Der Bürgerkrieg, der Russland erschütterte, bot die Chance dazu. Seit 1918 kämpfte Lenins Regime gegen die Armeen der Weißen und Expeditionskorps verschiedener Großmächte um seine Existenz. Pilsudski nutzte das Machtvakuum, das der Rückzug der deutschen und österreichischen Truppen aus dem Osten hinterlassen hatte, und begann, die Grenze schrittweise nach Osten vorzuschieben, wobei es wiederholt zu Kämpfen mit sowjetischen Truppen kam. Als klar wurde, dass die Rote Armee im Bürgerkrieg siegen würde, schlug er zu.

Am 25. April 1920 eröffneten polnische Armeen eine Großoffensive, wobei die Warnungen des Obersten Rats der Entente (England, Frankreich, Italien, Belgien, Japan) geflissentlich übersehen wurden.

Bereits am 7. Mai war mit Kiew die Metropole der Ukraine in polnischer Hand. Doch den Polen sollte es kaum besser ergehen als den Griechen, die zur gleichen Zeit mit wohlwollender Duldung durch die Siegermächte ihren Anteil am Osmanischen Reich zu gewinnen suchten. Die Logistik in den straßenlosen, zudem vom Krieg verwüsteten Weiten des Ostens brach zusammen. Zwar waren die polnischen Truppen hoch motiviert, und viele Soldaten hatten im Ersten Weltkrieg auf verschiedenen Seiten Kampferfahrung sammeln können.
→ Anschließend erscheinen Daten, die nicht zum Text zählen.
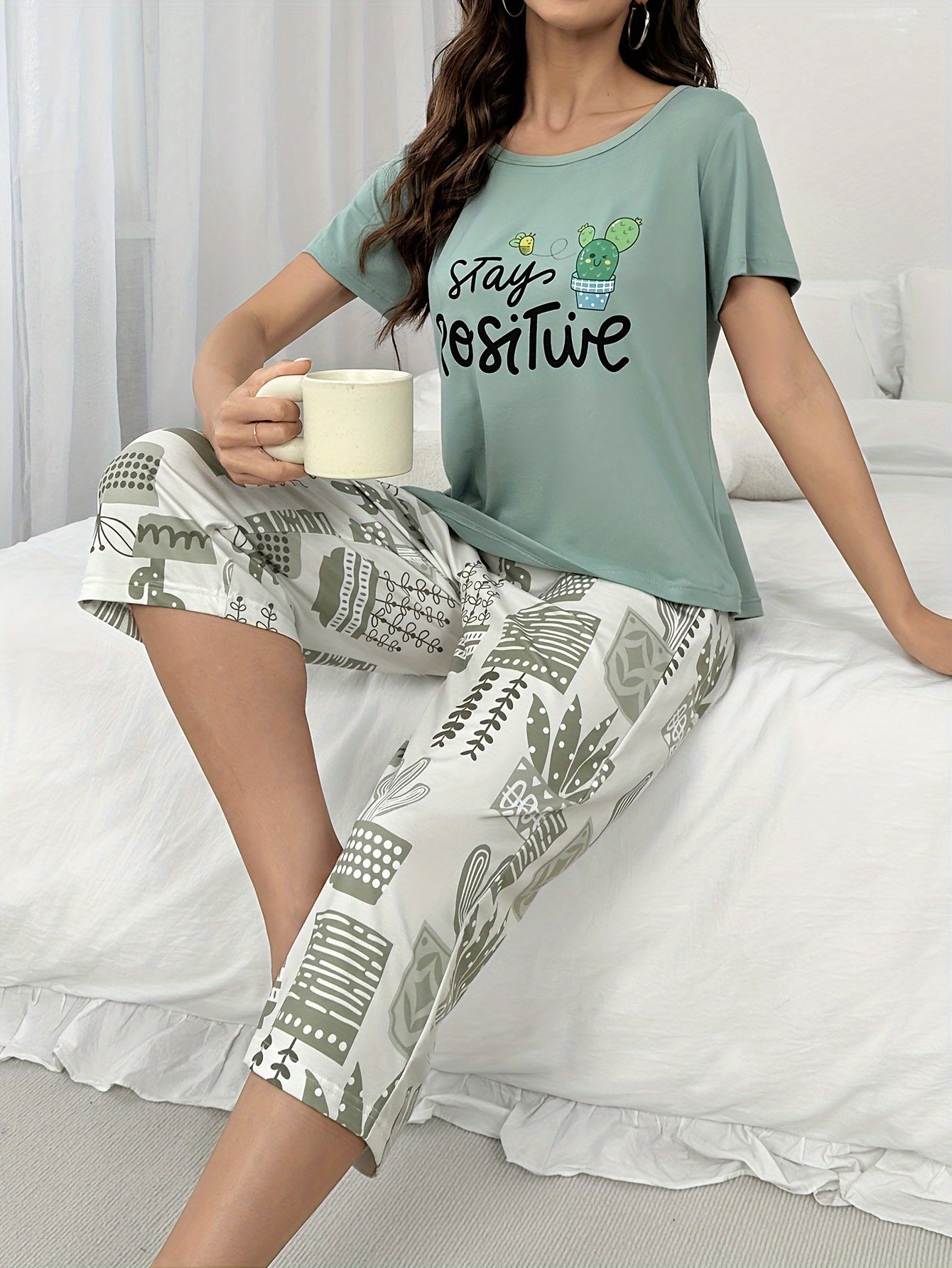 Women's short sleeve pajama set with letter print top and capris pants. Perfect for sleepwear or lounging.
Aber sie mussten mit einem Sammelsurium an Waffen kämpfen und hatten oft nicht einmal Schuhe an den Füßen.

Curzon-Linie und polnische Landgewinne durch Krieg und Verträge 1919 bis 1922
Quelle: Wikipedia/r Webcyss/CC BY-SA 4.0

Auf der anderen Seite hatte die von Leo Trotzki organisierte Rote Armee unter großen Opfern den Bürgerkrieg bestanden und war zu einem hochgerüsteten Kampfinstrument geworden, das auch von einer ideologischen Sendung angetrieben wurde. "Im Westen entscheidet sich das Schicksal der Weltrevolution; über den Leichnam Polens führt der Weg zum allgemeinen Weltbrand", hatte der ehemalige zarische Oberleutnant und nun Oberbefehlshaber Michail Tuchatschewski der Westfront als Tagesbefehl am 2. Juli ausgegeben. Damit begann die sowjetische Gegenoffensive.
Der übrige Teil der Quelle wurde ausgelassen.